Francisco Leon, President and Chief Executive Officer

Yes, Kalei, you framed it well. To emphasize the situation in California, the state currently requires more natural gas. We import over 92% of the gas we consume, and being the fifth largest economy, we have significant industrial and commercial demands for gas in addition to residential needs. This gas is sourced from other states and is typically not under long-term contracts, as it comes to the West Coast primarily for better pricing. However, we are now competing with LNG export facilities being developed in various parts of the U.S. This creates a major challenge for California and poses risks to baseload power. Our commitment is to seek solutions from an energy standpoint for the state. We possess a considerable amount of gas, which we haven't emphasized in recent years. Earlier this year, we began exploring whether we can improve a number of locations within existing fields that are close to facilities and customers, and today we are announcing the results of that initiative. By pursuing RSE designation, we aim to underscore the distinction of the gas we import. Not all gas is alike, as gas from other basins, particularly fracked gas, can have higher fugitive emissions. We prefer California-produced gas, specifically from CRC. We're optimistic about the immediate prospects. While we are not yet discussing the economics, there is a structural premium for natural gas in California that we anticipate will continue for many years. Having local resources to meet the state's needs is vital. Our positioning is strong, and we believe we can generate substantial returns for shareholders akin to those from oil. This does not mean we are ignoring opportunities to drill more oil wells. We are confident that low carbon intensity oil and gas will remain relevant for decades to come. California needs both oil and gas, and we are capable of supplying both. We are now highlighting the gas aspect of our operations, which we haven't previously discussed, and I am very optimistic about the potential of our assets.

Kalei Akamine, Analyst

So I guess just to clarify, the change in California is just greater power demand. And then could you address the infrastructure constraints piece? How much can you grow without spending additional material capital dollars on infrastructure today? And how much do you think you could spend over the next few years?

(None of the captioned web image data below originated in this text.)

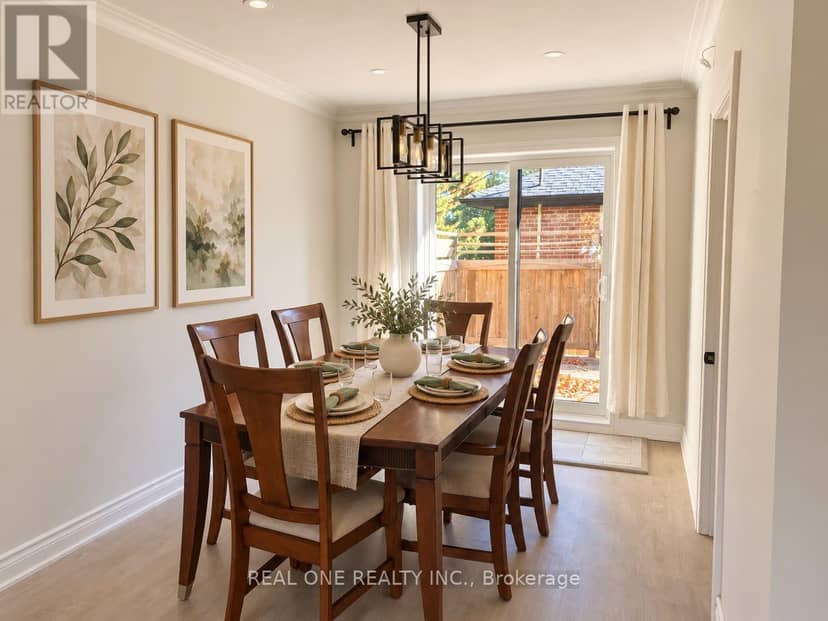 149 Bishop Avenue, Toronto, photo 6
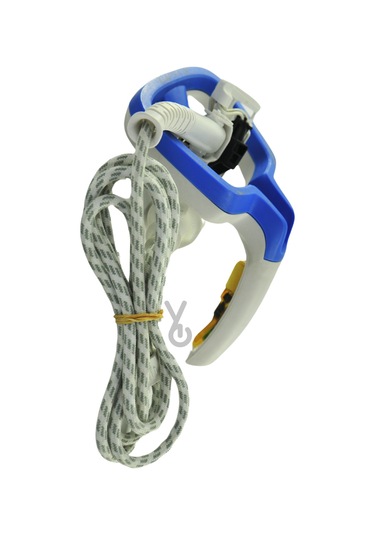 Tefal Aquaspeed Precision Buharlı Ütü Üst Kulp Kap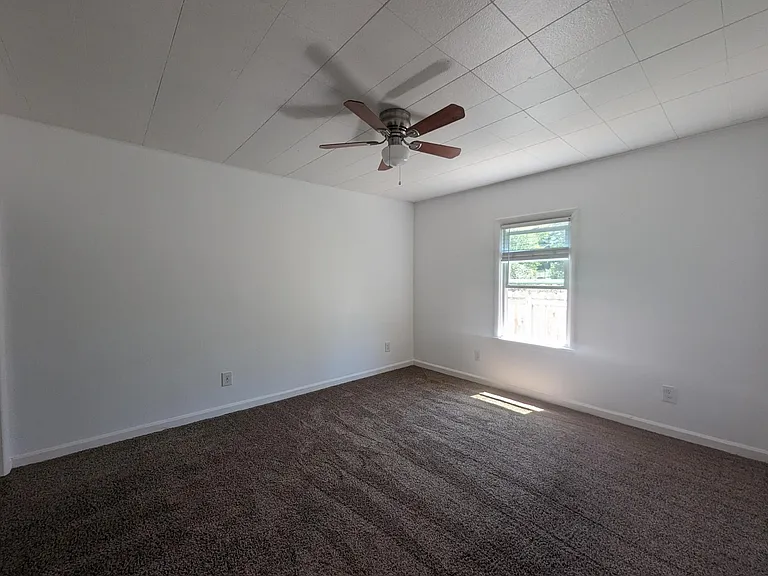 3431 Taylor Rd #A — Photo 9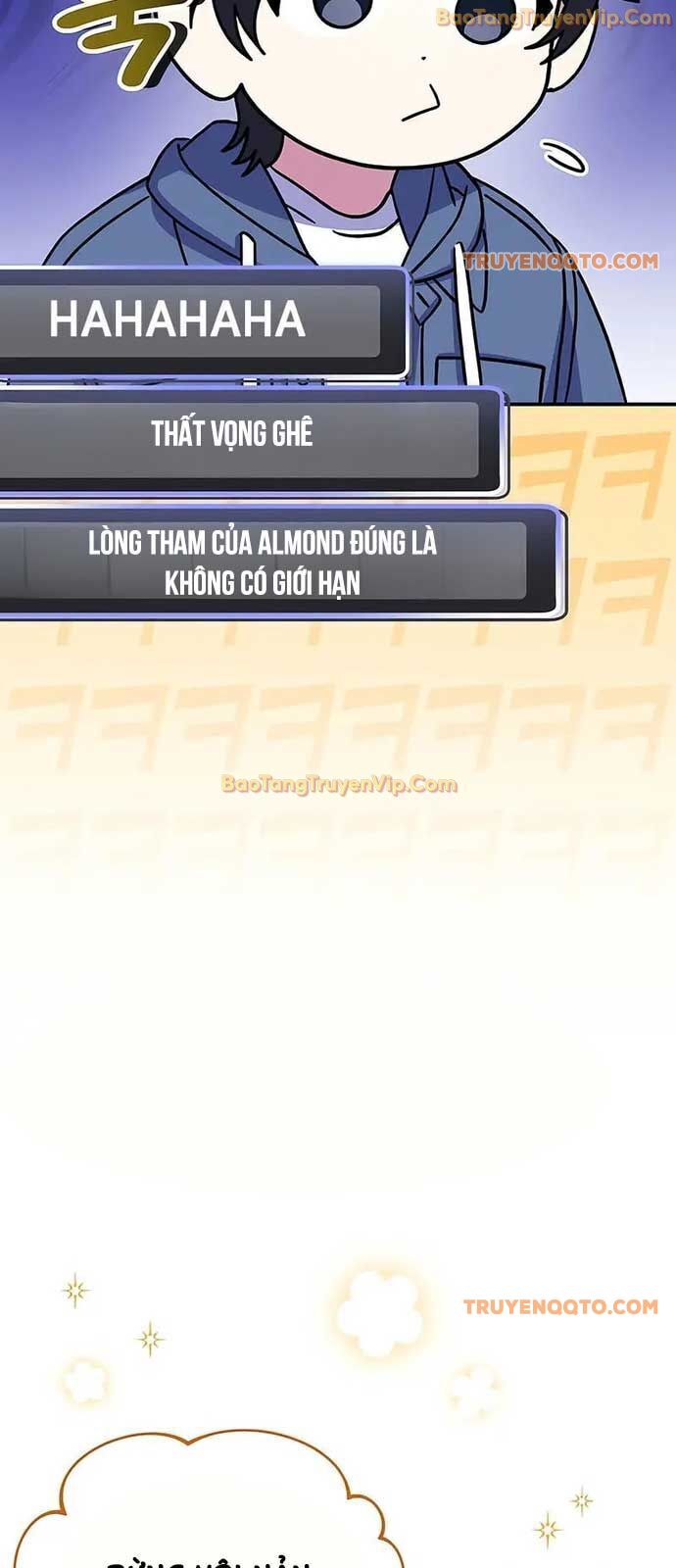 Stream Của Cung Thủ Thiên Tài - Chapter 53 - Page 24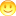 smaylik.ru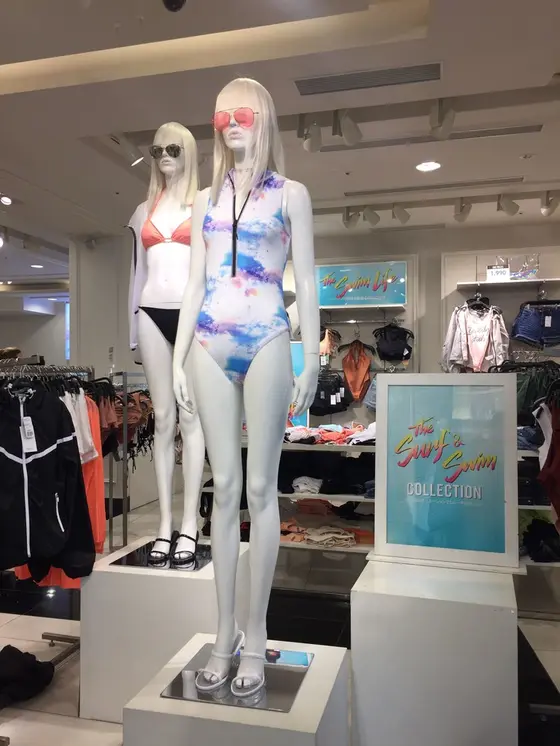 【番外編】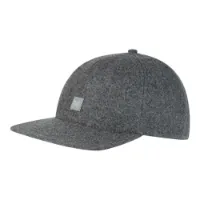 Buff Chill Baseball Keps Buff Chill Baseball Keps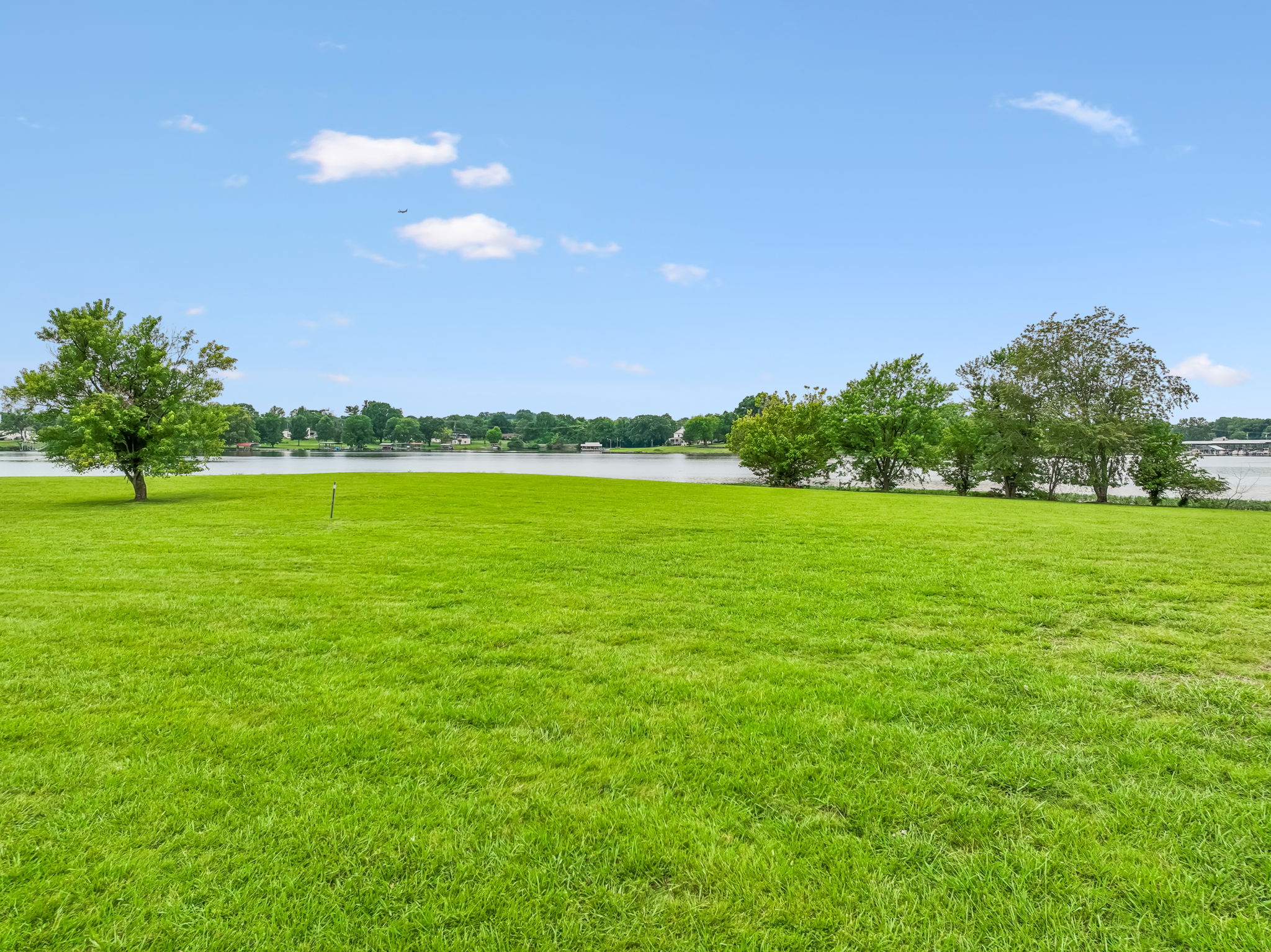  Photo 61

Francisco Leon, President and Chief Executive Officer

Yes, it’s too early to quantify things. To elaborate on the resource base, when discussing Western San Joaquin, we are primarily focused on wet gas at Elk Hills and Buena Vista, where we have significant existing infrastructure. The emphasis now is on drilling deeper, but known productive wells. We are shifting our focus back to these gas wells, and we also benefit from generating NGLs from this production. As we go north to Sacramento, the gas is dry, with minimal processing needs and ample infrastructure in place. There are established markets, so the main focus is acquiring permits and initiating drilling. We still need to determine our development pace and are working on assessing the project's economics for future disclosure; however, we are very optimistic about our position. The situation in California has changed, as the state has a natural gas shortfall but consumes large amounts. We noted a significant price difference this year, with natural gas at $47 per Mcf in the state compared to about $4 in the rest of the country, highlighting a tenfold premium in a state that heavily relies on imported gas, with 92% being imported. This underscores the need for in-state gas storage solutions to mitigate market shocks and fluctuations caused by aging infrastructure. The recent expansion of storage capacity in California should help stabilize prices this winter, although we need to see how this develops. Ultimately, demand remains robust, and it is clear that the state's dependence on imports puts its energy security at risk, which poses challenges.

Operator, Operator

Thank you. And our next question today comes from Scott Hanold with RBC Capital Markets. Please go ahead.

Scott Hanold, Analyst

Yes, hey thanks. When you were in your prepared comments talking about the Kern County EIR and looking at the second half 2024 and doing some more drilling, you kind of mentioned, obviously, you’re potentially more drilling in the Sacramento Basin for gas sidetracks and then obviously exploring the field-level EIRs. With respect to like sidetracks and I mean, do you need to get permits for that? Or is the permitting process a little bit different?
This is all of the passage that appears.